"Soy un niño del exilio, sé que en parte me dan premios por esto"
"Un poeta de las dos orillas". Así definió ayer Francisco Brines a Tomás Segovia al declararlo en Granada ganador del Premio Internacional de Poesía Federico García Lorca. El galardón poético de mayor dotación económica en lengua española (50.000 euros) contaba ya en su palmarés con Ángel González, José Emilio Pacheco, Blanca Varela y el propio Brines. Este año ha ido a parar a Segovia, un poeta de 81 años al que le vienen estrechas las clasificaciones. Nació en Valencia pero la Guerra Civil le llevó a París y Casablanca. Más tarde, a México. Allí se desmarcó de lo que él llama "el gueto del exilio", pero trabó una amistad inquebrantable con Emilio Prados y Ramón Gaya. Más tarde trabajó con Octavio Paz en las revistas Plural y Vuelta.

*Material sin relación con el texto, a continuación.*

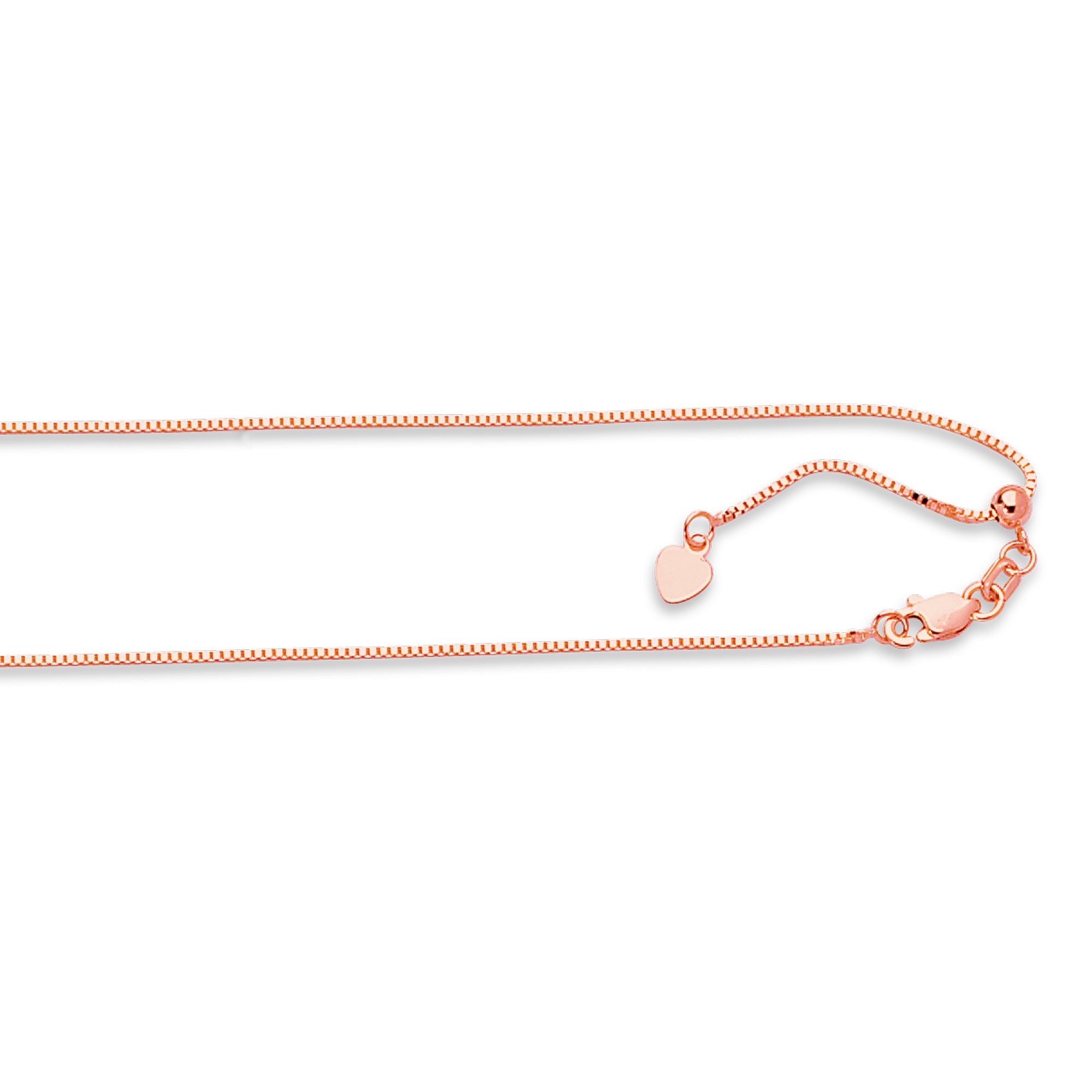 14K Rose Gold 0.85mm Adjustable Box 22" Chain with Lobster Lock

En México recibió todos los premios posibles, del Octavio Paz (2000) al Juan Rulfo (2005), pero vive en España. ¿Mexicano? ¿Español? Su amigo José Bergamín lo definió como "poeta alemán". Con todo, el propio Segovia advierte: "Un escritor pertenece más a su tiempo que a su país. Un español del siglo XX es más del siglo XX que español".
Él regresó a España "a trompicones". "Volví el 20 de noviembre de 1976. Franco llevaba un año muerto, pero el país seguía siendo franquista". Durante un tiempo se asomó a la Península desde el sur de Francia. En Perpiñán, de hecho, trabó amistad con J. M. G. Le Clézio, el último Nobel de Literatura. Más tarde le sirvió de anfitrión en México, antes de que el novelista francés "se fuera con los indios güicholes a comer hongos".
Con todo, lo de las dos orillas le parece bien, sobre todo ahora que acaba de instalarse en la ribera del Manzanares, en el paseo de la Florida. Todavía hay en su casa señales de la mudanza, pero Tomás Segovia ya ha colocado su estudio: el ordenador portátil con el que trabaja en su blog (www.tomassegovia2.blogspot.com) y la mesa de encuadernar. "Mi padre era un puritano y quiso que sus hijos, además de una carrera, tuvieran un oficio. Yo elegí impresor".
Todavía, de cuando en cuando, hace ediciones artesanales de sus libros para los amigos. Últimamente, la mudanza y la salud le han tenido alejado de los trabajos manuales, tan importante para él como los intelectuales, y del Café Comercial, su oficina en la glorieta de Bilbao: "Sin ruido no me concentro", dice.
Concentrado o no, Tomás Segovia no para. Este año, de médico en médico y de casa en casa, ha publicado el poemario Siempre todavía (Pre-Textos) y terminado una novela. El jueves recibió un homenaje en la librería Rafael Alberti dentro del festival VivAmérica y en estos días corrige las 700 páginas del primer tomo de sus cuadernos ("no diarios"), que Pre-textos publicará en breve. En esos cuadernos se encierra, por fragmentos, la vida de un hombre que ha sido mecanógrafo, traductor y profesor en Princeton y en el Colegio de México. Un hombre cuya memoria rivaliza con su curiosidad (no hace tanto hizo una película con sus paseos por el parque del Oeste). Y con su lucidez: "Soy un niño del exilio. Sé que si me dan premios es en parte por eso. Humildemente, lo asumo, pero no soy un símbolo". De hecho, dice, sólo aquí se interpreta su obra bajo el prisma exclusivo del destierro, aunque esté cargada de erotismo y llena de reflexiones sobre la naturaleza y el tiempo.
Autor de la antología En los ojos del día (Galaxia Gutenberg / Círculo de Lectores) y del ensayo Recobrar el sentido (Trotta), Tomás Segovia sostiene que queda mucha memoria por recuperar. Un ejemplo: "Durante la guerra viví dos años en la Casa de España de París, una guardería para 350 niños recogidos de las calles de Bilbao y Madrid. No he vuelto a saber de ellos. Los que escriben la historia de la Casa saltan del 1936 a 1970. He preguntado, pero nadie quiere decirme si aquellos chavales con los que jugaba en el patio volvieron a España, se dispersaron por Francia o terminaron en los campos nazis".